I was talking to a fellow strength coach the other day who relayed a good story to me. Years back he emailed one of his mentors requesting a letter of recommendation. His mentor replied with the following:
“I’m sorry but I’m unable to write you a letter of recommendation because I’ve never seen you train or coach.” I commend this mentor for having tremendous integrity.
In the “Internet Age” people can reach “expert-status” in the eyes of the public by simply writing articles and blogs. I’m very reluctant to completely trust any strength coach who doesn’t have a Youtube account or allow his or her fans to watch videos of him or her (or their clients) training. Shouldn’t that be the bare minimum that we expect?
Here are some questions/thoughts that come to mind when thinking about most “experts” who have no videos to view:
1. I see that you use modern technology (blogs, websites) to make yourself popular, which is fine.
2. Why use some web technology (blogs, websites) but not use other web technology (Youtube, Vimeo, etc.)? You’ve demonstrated the ability to learn how to use the internet so I know it’s not because you’re unfamiliar with Youtube.
3. Is it because you have something to hide?
4. Are you really coaching/training clients and athletes or are you just pretending?
5. Are you afraid that other experts will pick your client/athletes’ form apart?
6. Are you afraid that you’ll be exposed for being “not all that?”
7. Do you have a crappy rapport with your clients/athletes and are therefore afraid to ask them if you can film them?
8. Do you not know how to coach the big lifts?
9. Cool! You just showed me a video of you performing a 135 lb squat (or a 135 lb deadlift)! How does your form look when you go heavy? Are you afraid to film your technique when the weight gets heavy?
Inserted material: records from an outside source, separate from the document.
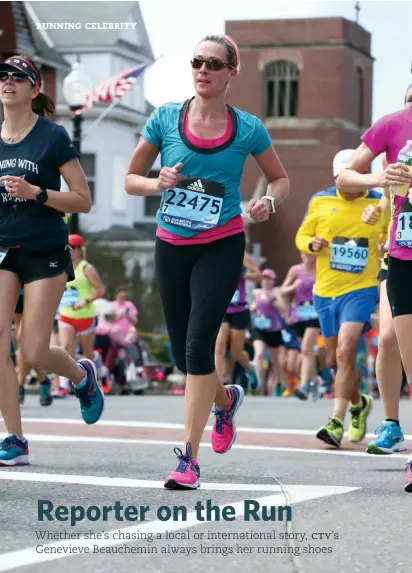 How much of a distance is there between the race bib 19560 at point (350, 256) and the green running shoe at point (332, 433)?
1.32 metres

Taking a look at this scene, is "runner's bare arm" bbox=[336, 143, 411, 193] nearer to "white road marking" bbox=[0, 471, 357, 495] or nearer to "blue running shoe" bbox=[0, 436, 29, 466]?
"white road marking" bbox=[0, 471, 357, 495]

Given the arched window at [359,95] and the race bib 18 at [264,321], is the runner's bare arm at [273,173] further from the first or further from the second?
the arched window at [359,95]

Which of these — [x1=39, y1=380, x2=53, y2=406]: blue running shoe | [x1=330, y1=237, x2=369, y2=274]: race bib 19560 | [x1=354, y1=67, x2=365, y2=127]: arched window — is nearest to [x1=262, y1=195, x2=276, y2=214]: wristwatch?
[x1=330, y1=237, x2=369, y2=274]: race bib 19560

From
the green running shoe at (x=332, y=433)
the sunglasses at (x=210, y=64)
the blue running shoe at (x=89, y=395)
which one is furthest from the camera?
the green running shoe at (x=332, y=433)

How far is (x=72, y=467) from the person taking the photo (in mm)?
8188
10. Are you the coach who has his athletes dance around doing warm-ups all day or do you get your athletes strong?
11. Show me the money!
It’s easy to sit around and discuss popular and trendy topics but if you can’t get yourself or your clients/athletes strong then I’m sorry, but you don’t know what in the hell you’re doing.
Be leery of a coach who offers advice but has no videos to view of him or her (or their clients) lifting heavy. It’s easy to use robotic form when going light, but going heavy is a completely different story.
In this industry, we often speak highly of other trainers and coaches and it’s usually well-deserved. Are there individuals who you praise who could be “posers?” How do you know? Have you seen them train? Have you seen their videos? Isn’t that a problem? What if your favorite guru is this guy?
Personally I like filming videos because they provide opportunities for feedback. I’ve improved upon certain technical aspects of my coaching based upon feedback I received from other coaches regarding my videos. So now I’m a better trainer and coach simply because I’m not afraid to put myself out there.